Adrenaline-inducing adventures in the desert
The untouched, undulating dunes and diverse landscapes that typify the Qatari desert outside of Doha are fascinating to explore. This tranquil and barren environment has a unique kind of beauty to it, particularly at sunrise and sunset, when the blazing sun reflects off the pale sand, creating scenes that have inspired poets and artists across the centuries. Juxtapose the space and serenity with the addition of an adrenaline-pumping off-road drive in a 4WD, and you have a recipe for a whole lot of fun. Khor Al Adaid, an inland sea south of Doha, is the most popular place to experience these adventures, and plenty of tour operators offer full-day trips that include a pick-up from your hotel, a heart-racing drive across the dunes, sand boarding, camel riding and even a night under the stars in a traditional Bedouin camp.

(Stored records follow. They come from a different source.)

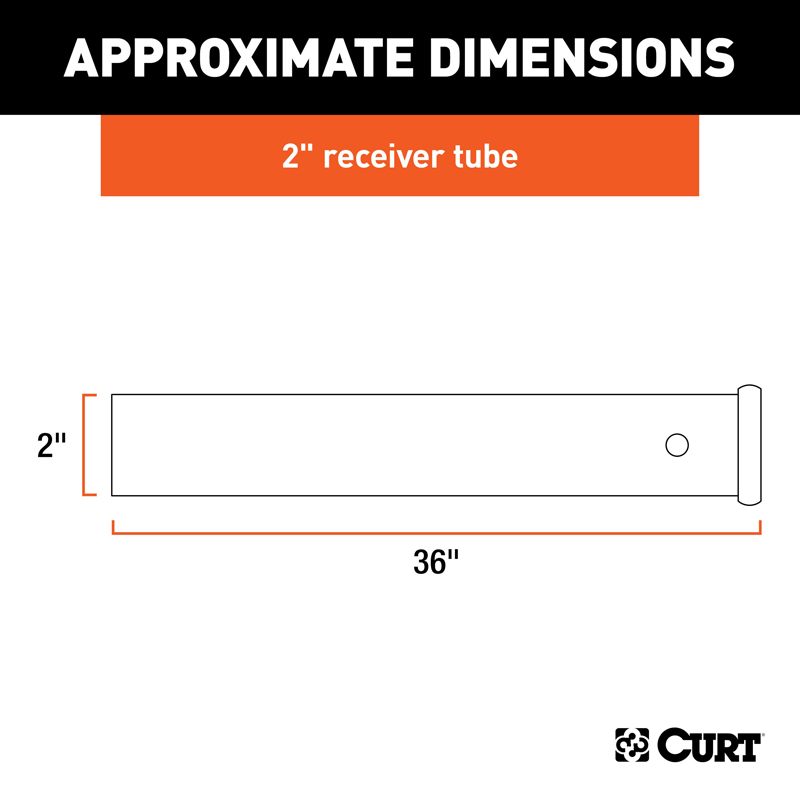 CURT | 36" Raw Steel Receiver Tubing (2" Receiver) CURT Hitch Accessories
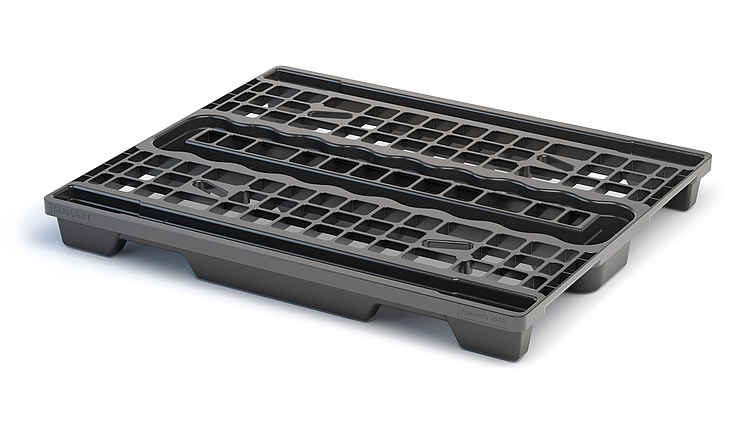 48 x 40 – Nestable, Rackable Plastic Pallet – 3 Runners, Open Or Closed Deck
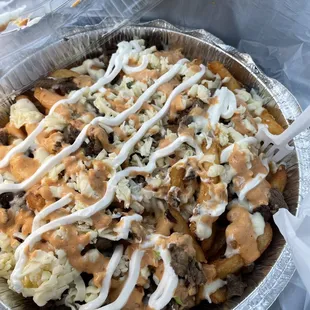 Carne asada fries, no pico.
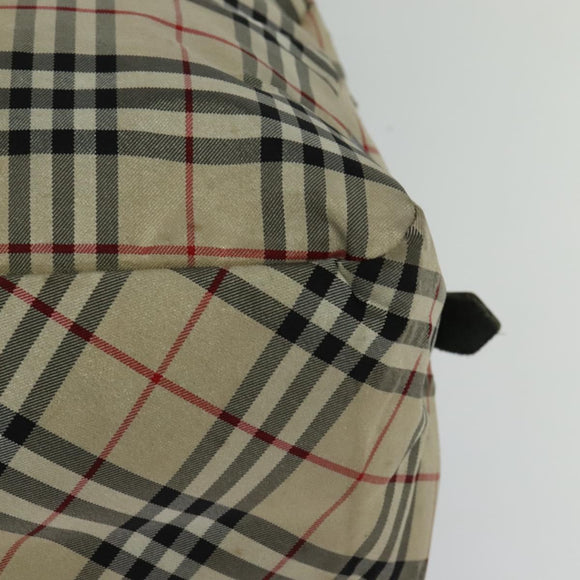 BURBERRY Nova Check Blue Label Tote Bag Nylon Beige Auth 130952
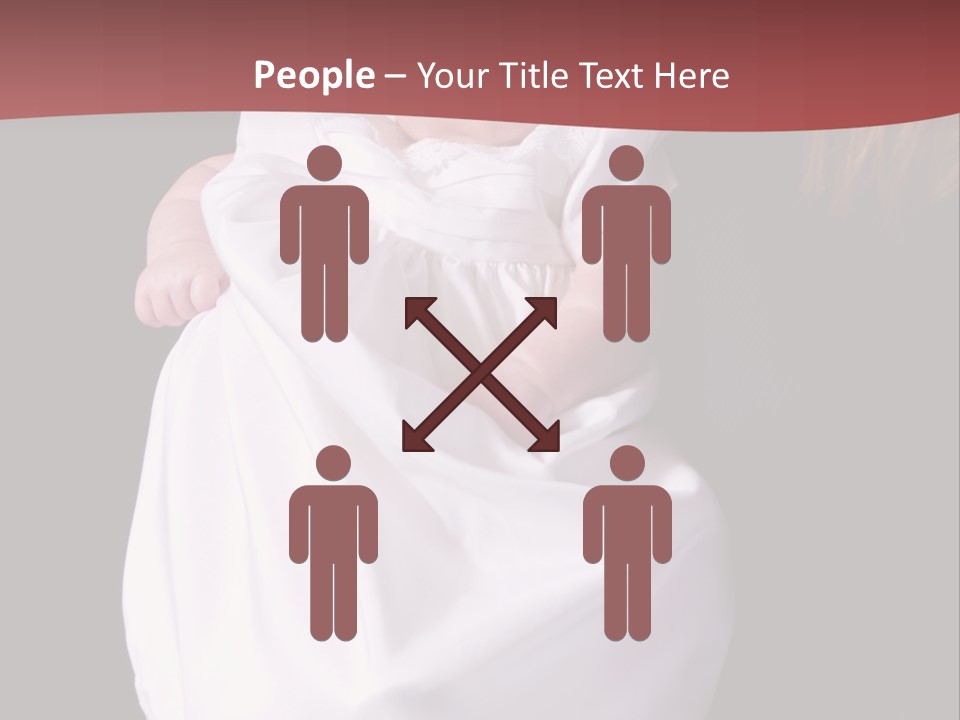 A Portrait Of A Baby Girl In A Christening Dress Being Held By Her Mother. PowerPoint Template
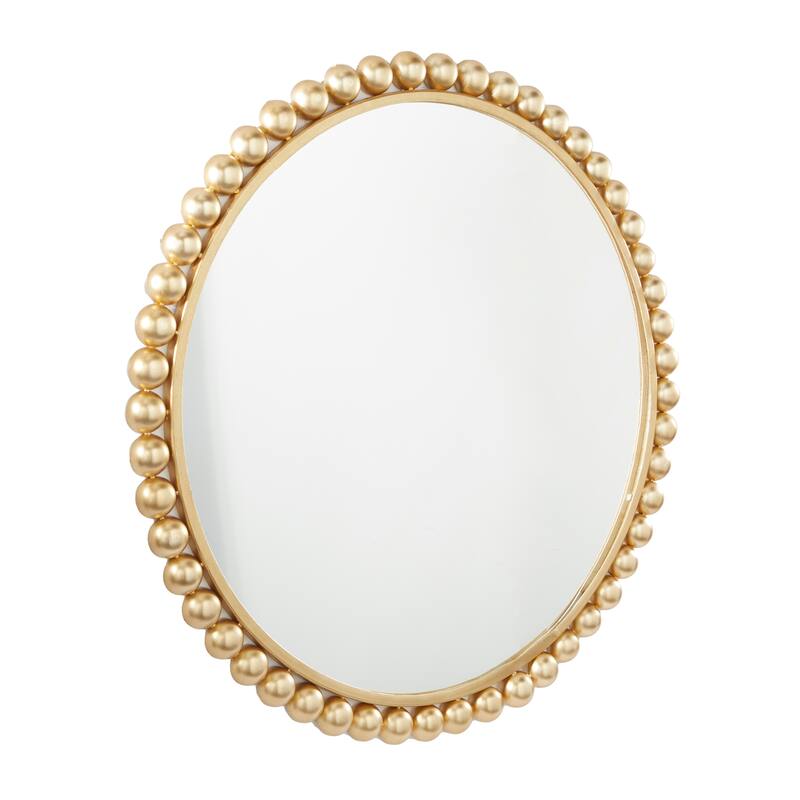 CosmoLiving by Cosmopolitan Metal Wall Mirror with Bead Detailing - Gold or Silver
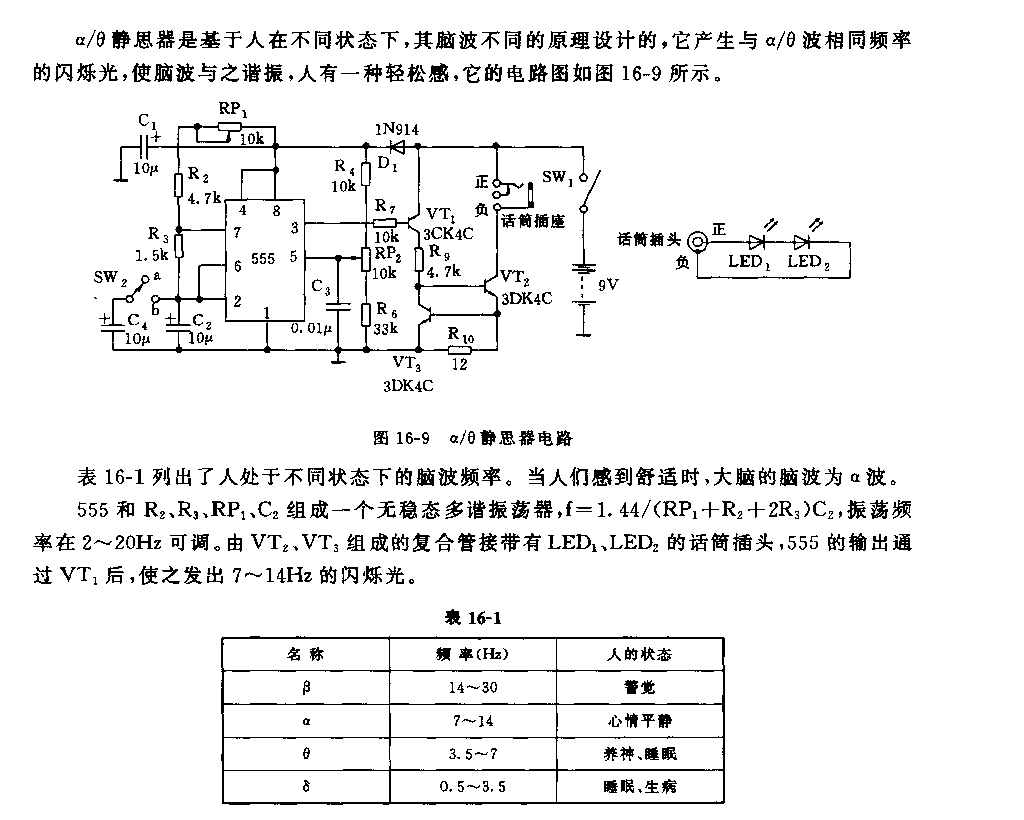 555阿尔法/西塔静思器电路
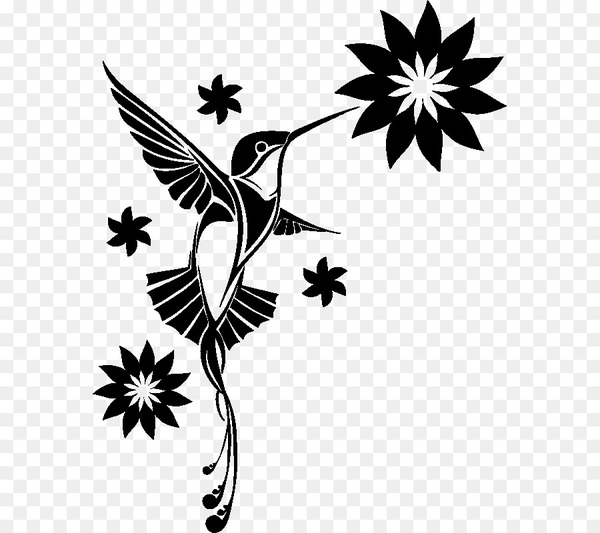 hummingbird,decal,sticker,wall decal,tattoo,flower,stationery,blackchinned hummingbird,rubber stamp,polyvinyl chloride,printing,pin,bird,flora,leaf,black and white,vertebrate,branch,flowering plant,silhouette,monochrome photography,tree,pollinator,wing,plant,beak,monochrome,fictional character,visual arts,art,twig,graphic design,computer wallpaper,mythical creature,membrane winged insect,png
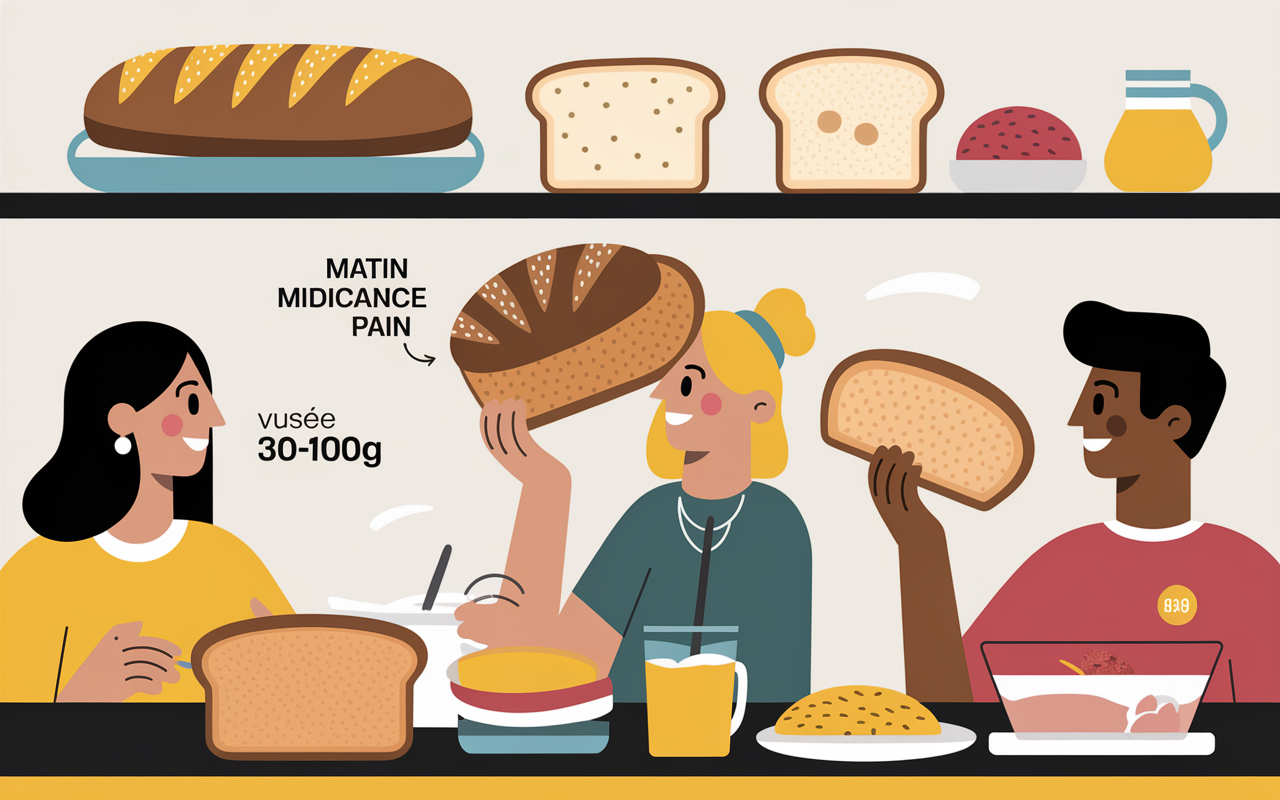 Portions pain reequilibrage alimentaire repas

Neolithic rock art and the Al Zubarah Fort
Hire a car (preferably with reliable navigation) and travel north of Doha, past Al Khor for a hike around the area known as Al Jassasiya, the site of almost 900 Neolithic rock carvings depicting boats, fish, scorpions and interesting patterns. There is a certain amount of speculation as to the precise meaning and background to the petroglyphs, but they are fascinating to see, and seeking them out amongst the rocky outcrops is a great fun activity for all of the family. Pack a picnic, as there is nothing in the way of restaurants or facilities up here.
On the very northern tip of the peninsula stands Al Zubarah Fort, Qatar’s first and only Unesco World Heritage Site. The impressive structure, built in 1934 at the centre of a large fishing and pearling port, is a final standing monument to Qatar’s days gone by, with a small museum dedicated to the historic pearling industry.